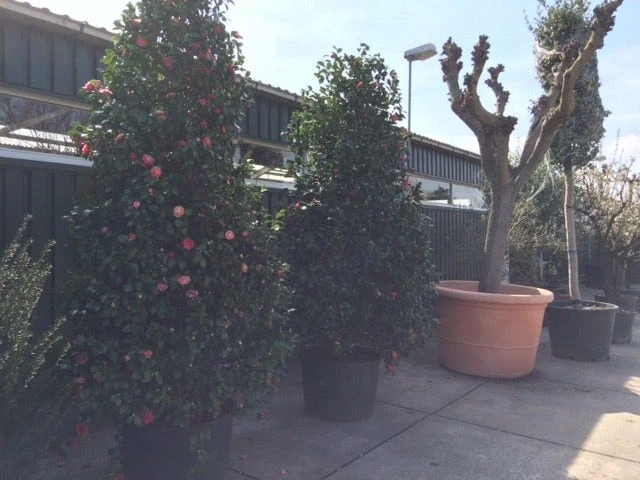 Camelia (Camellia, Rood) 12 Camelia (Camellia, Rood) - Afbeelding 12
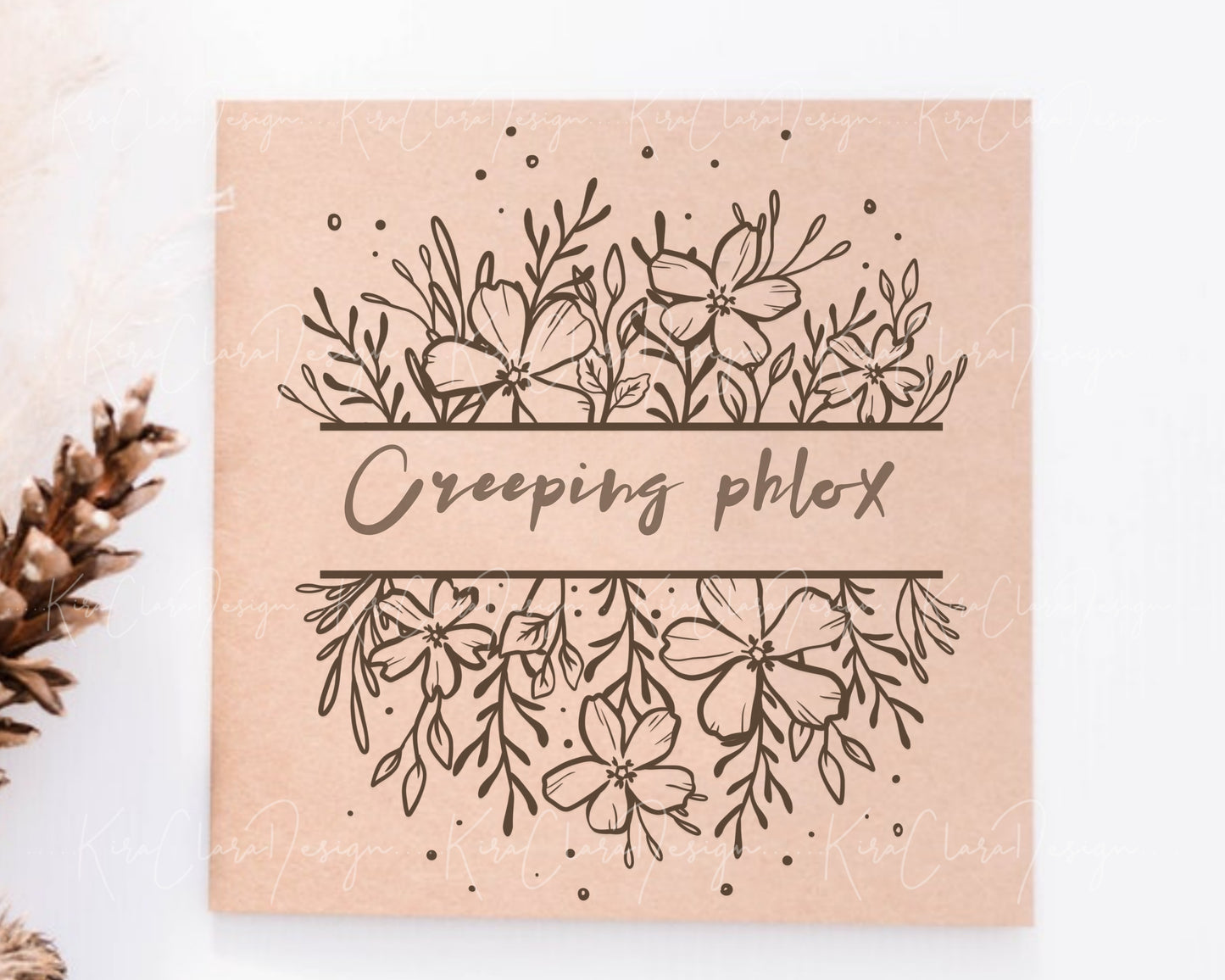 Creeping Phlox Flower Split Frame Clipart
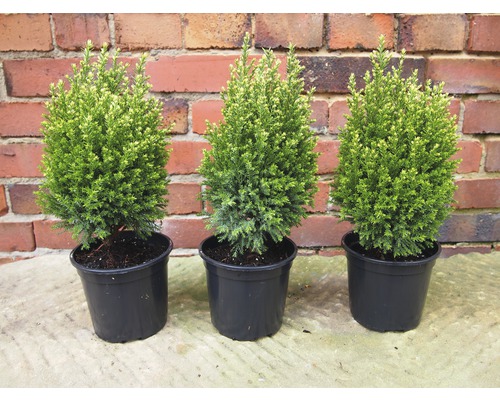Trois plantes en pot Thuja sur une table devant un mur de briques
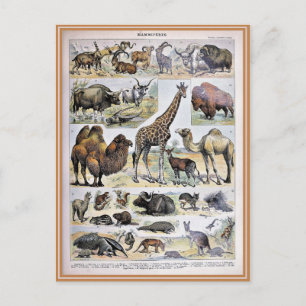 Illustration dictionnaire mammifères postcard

...

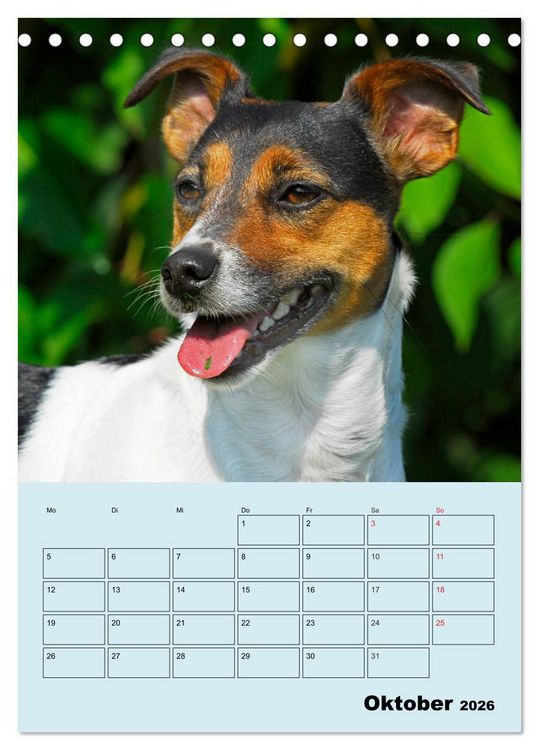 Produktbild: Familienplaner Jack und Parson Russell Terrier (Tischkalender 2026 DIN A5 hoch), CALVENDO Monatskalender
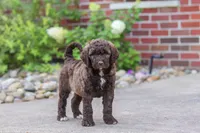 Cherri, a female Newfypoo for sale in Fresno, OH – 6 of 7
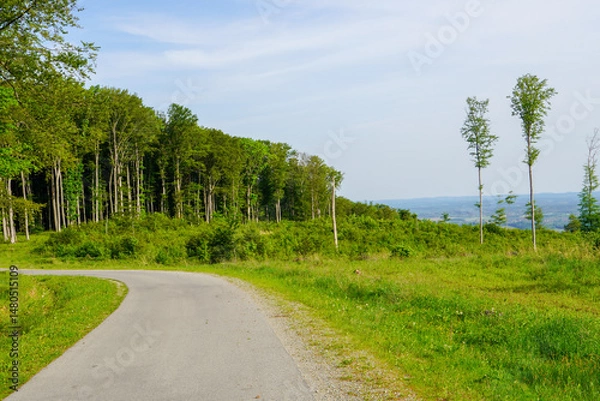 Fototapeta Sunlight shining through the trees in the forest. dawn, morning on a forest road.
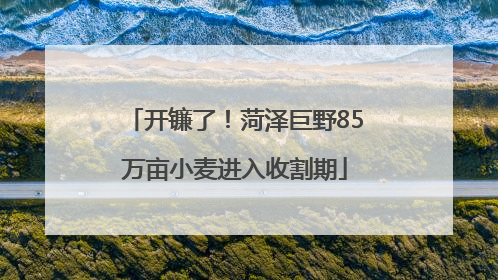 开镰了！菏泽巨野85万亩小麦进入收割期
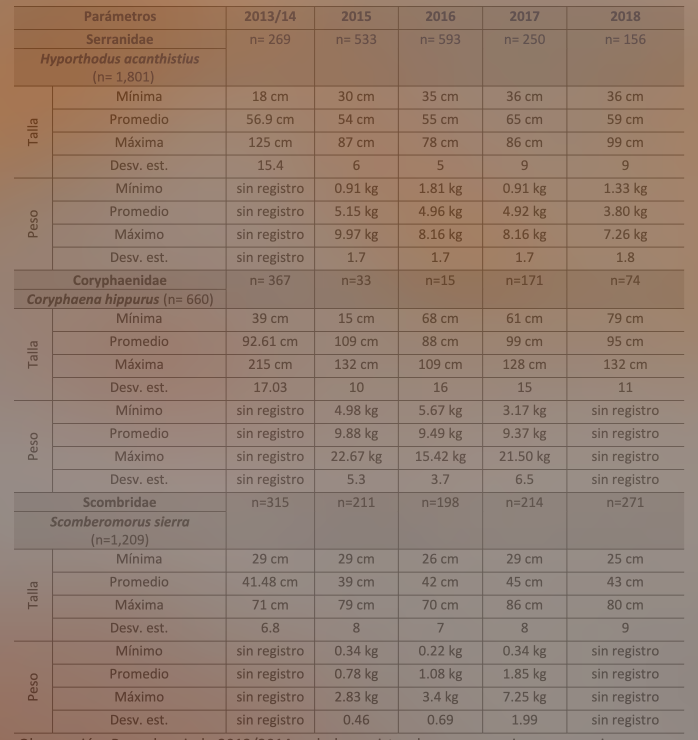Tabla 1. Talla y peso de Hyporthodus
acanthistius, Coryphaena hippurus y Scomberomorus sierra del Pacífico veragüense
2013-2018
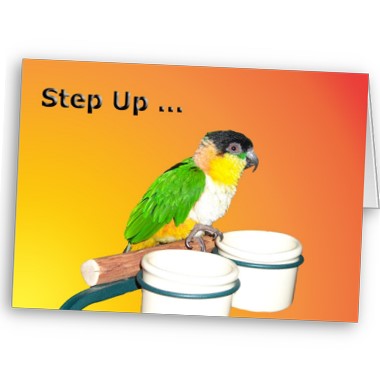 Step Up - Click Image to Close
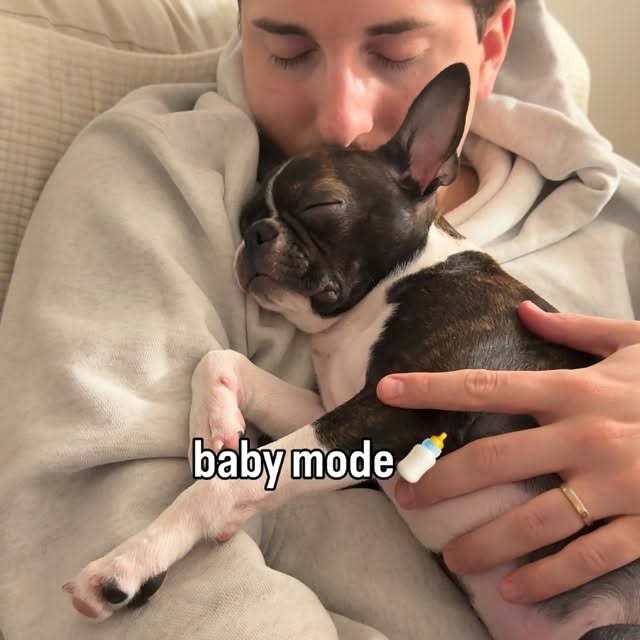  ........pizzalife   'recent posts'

* * *

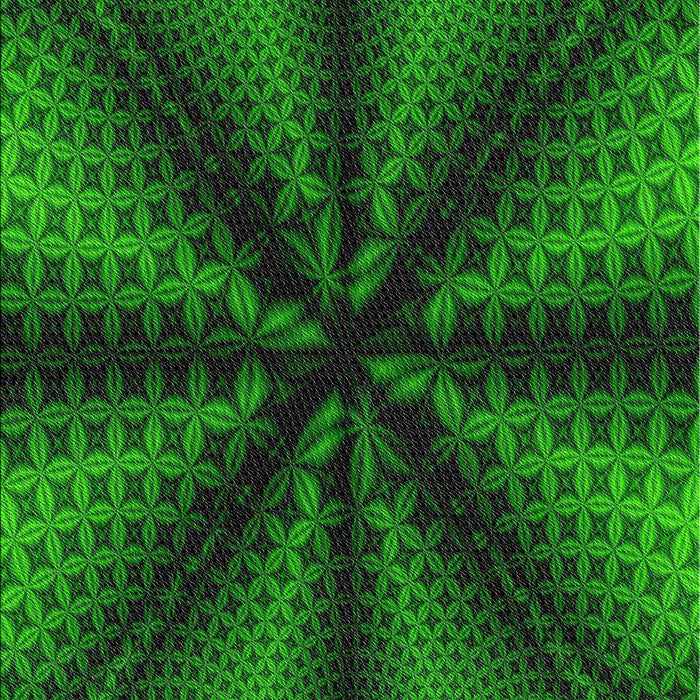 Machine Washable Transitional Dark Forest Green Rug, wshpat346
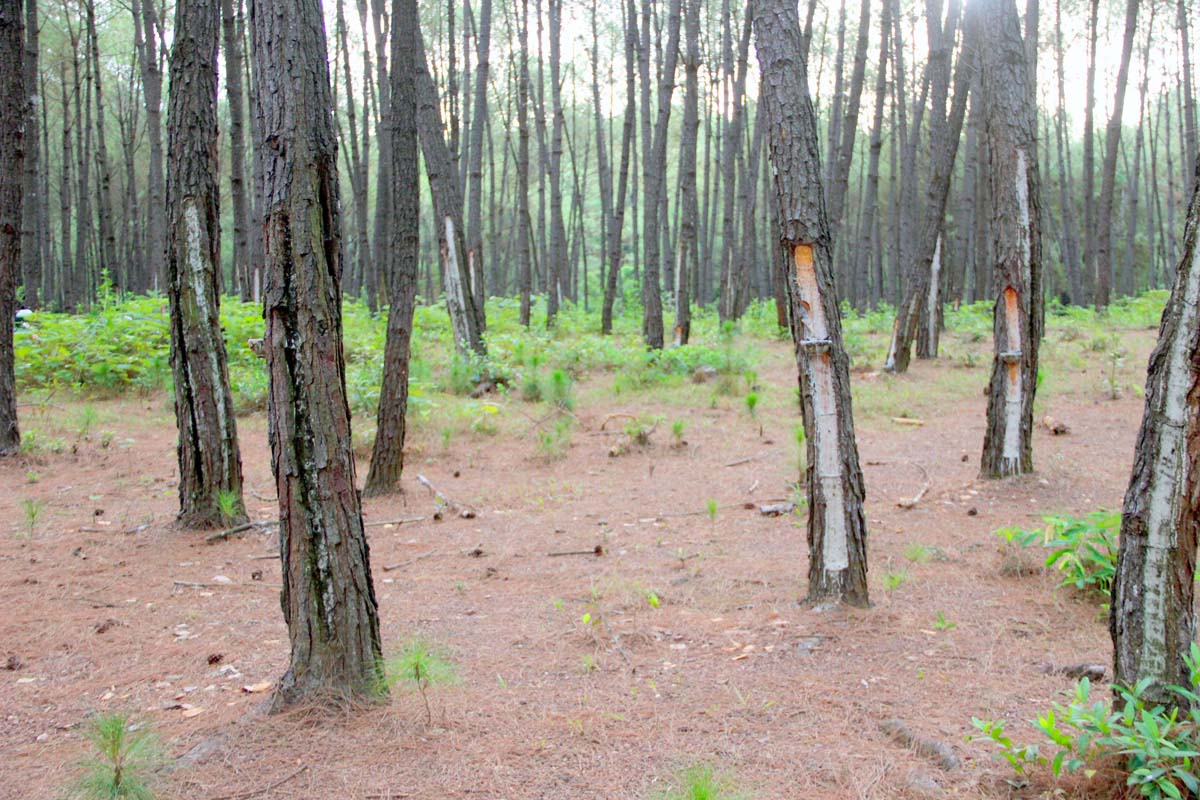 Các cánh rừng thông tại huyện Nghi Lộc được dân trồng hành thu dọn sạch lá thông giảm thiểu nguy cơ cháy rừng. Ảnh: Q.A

HOW TO COMPLETE THIS TASK: With the pictures omitted, restate word for word the lines above from the line that has "Camelia (Camellia, Rood) 12" up to and including the line that has "Illustration dictionnaire mammifères", and no other lines.

TASK RESULT:
 Camelia (Camellia, Rood) 12 Camelia (Camellia, Rood) - Afbeelding 12
 Creeping Phlox Flower Split Frame Clipart
Trois plantes en pot Thuja sur une table devant un mur de briques
 Illustration dictionnaire mammifères postcard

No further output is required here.